So! Your CV has worked its magic and you’ve wangled yourself an interview. Now that you’ve got your foot in the door, you’ll want to kick it wide open and bag yourself that position by pulling out all the stops in person. While ticking all the right boxes is desirable, avoiding certain behaviours in front of the recruitment team can be every bit as important.
Of course, it goes without saying that literally kicking the door wide open is inadvisable, while a few other obvious no-no’s are arriving late, swearing, yawning, chewing gum, passing wind, picking your nose and being generally ill-prepared for the interview. However, there are some other pitfalls which might be a little more subtle; in fact, most interviewees who fall afoul of these practices are not even aware they’re doing them. The short list below should give you a heads up on what not to do in an interview to avoid alienating the hiring team and ensuring you don’t get the job.
According to a recent survey, 53% of hiring managers said that dressing inappropriately was one of the most commonly committed errors in an interview setting. Tie dye t-shirts and spandex are obviously out, as are denim and trainers, and while cummerbunds and corsages are clearly over the top, you should dress to impress. A clean, ironed shirt/blouse and nice trousers is normally enough to do the trick, but do some snooping and find out what the dress code at the workplace is prior to your arrival.
Showing negative body language
You can communicate a lot about your personality through the way that you handle yourself. Maintaining eye contact, projecting your voice confidently, sitting up straight and avoiding crossing your arms or fidgeting will do wonders to paint you in a positive light. Also, it might sound positively Edwardian, but it’s simply good manners for one not to sit down until one is asked to do so.
Checking your mobile phone
In the digital age, your online presence can be an incredibly useful tool in finding and getting job interviews… but once you step into the room yourself, your phone is no longer needed. Answering calls, responding to messages or simply checking its display – even if there is a lull while the interviewer checks his/her notes – shows extremely poor manners and communicates that there are other things more important to you than the job at hand. Switch that puppy off.
Sharing too much personal information
When prompted, it’s good to share information about yourself, but be careful not to go overboard. Your prospective boss doesn’t want to hear about the funny things your cat does or where you ate dinner last Tuesday. Furthermore, you might think that revealing financial difficulties or relaying sob stories will invoke sympathy; it won’t. You’ll simply come across as a desperate sad sack.
Becoming over-familiar with your interviewer(s)
It can be tempting to try and establish a personal link with your interviewer, especially if you seem to have a natural rapport. While this can be an excellent thing in itself, don’t push your luck too far by trying to ingratiate yourself with them or becoming overly familiar, à la Shaun Murphy in ‘Trainspotting’.

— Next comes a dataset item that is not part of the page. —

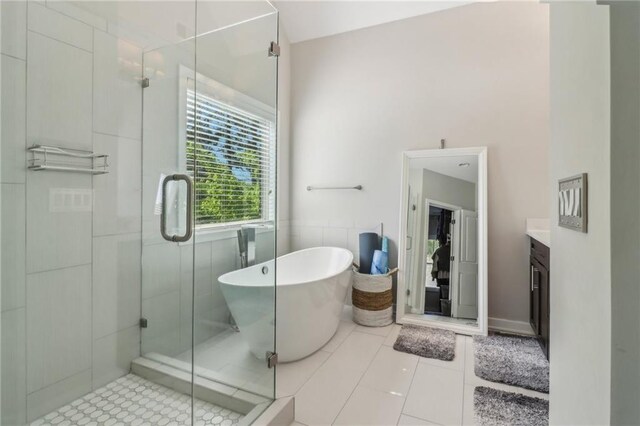 823 Canterbury Overlook, Atlanta, GA 30324 - bathroom with a stall shower, a soaking tub, vanity, and tile patterned flooring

Similarly, don’t be a yes-man; if the interviewer gets the sense that you’d simply say anything to land the role, they’ll be instantly turned off. “Of course, most people don’t want to hire folks who are combative or rigid – but they do want people who have a sense of who they are, what they think, and what’s important to them,” says Erika Andersen of Forbes magazine. I couldn’t have put it better myself, Erika.
Slagging off previous employers
Your old boss might have been worse than David Brent and your former place of business akin to a Dickensian workhouse, but your potential employers don’t know or care about that. Badmouthing previous co-workers is quite possibly the worst mistake you can make in an interview (according to Omni One) since it marks you out as a gossiper, a cry-baby and a troublemaker. Worse still, there’s always the chance that your interviewer knows the person in question, and then you’ll really be up thon creek without thon paddle.

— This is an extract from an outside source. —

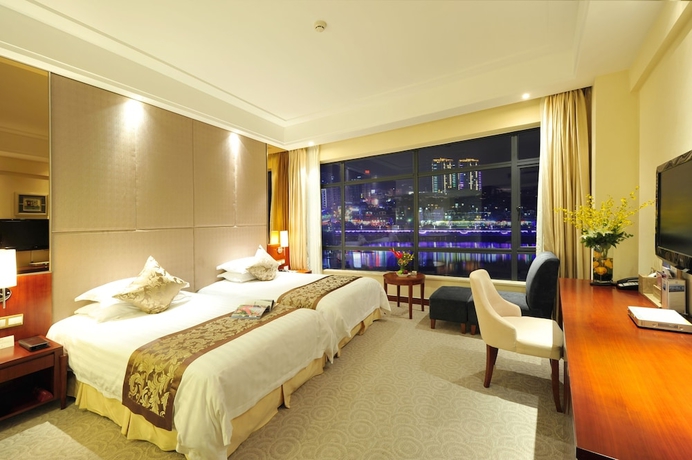 Imagen de la habitación del Hotel New Century Qiandao Longting. Foto 10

Jumping the gun on salary or holidays
Of course, it’s vital to know all about the perks of a job before accepting the position – but you’re not there yet. Inquiring into pay or paid leave before you’ve sold yourself gives the impression that you’re only in it for the money, and companies don’t take kindly to golddiggas. Of the other hand, the salary question might pop up in the interview of its own accord; if it does, this handy little article should give some pointers on how to deal with it most effectively.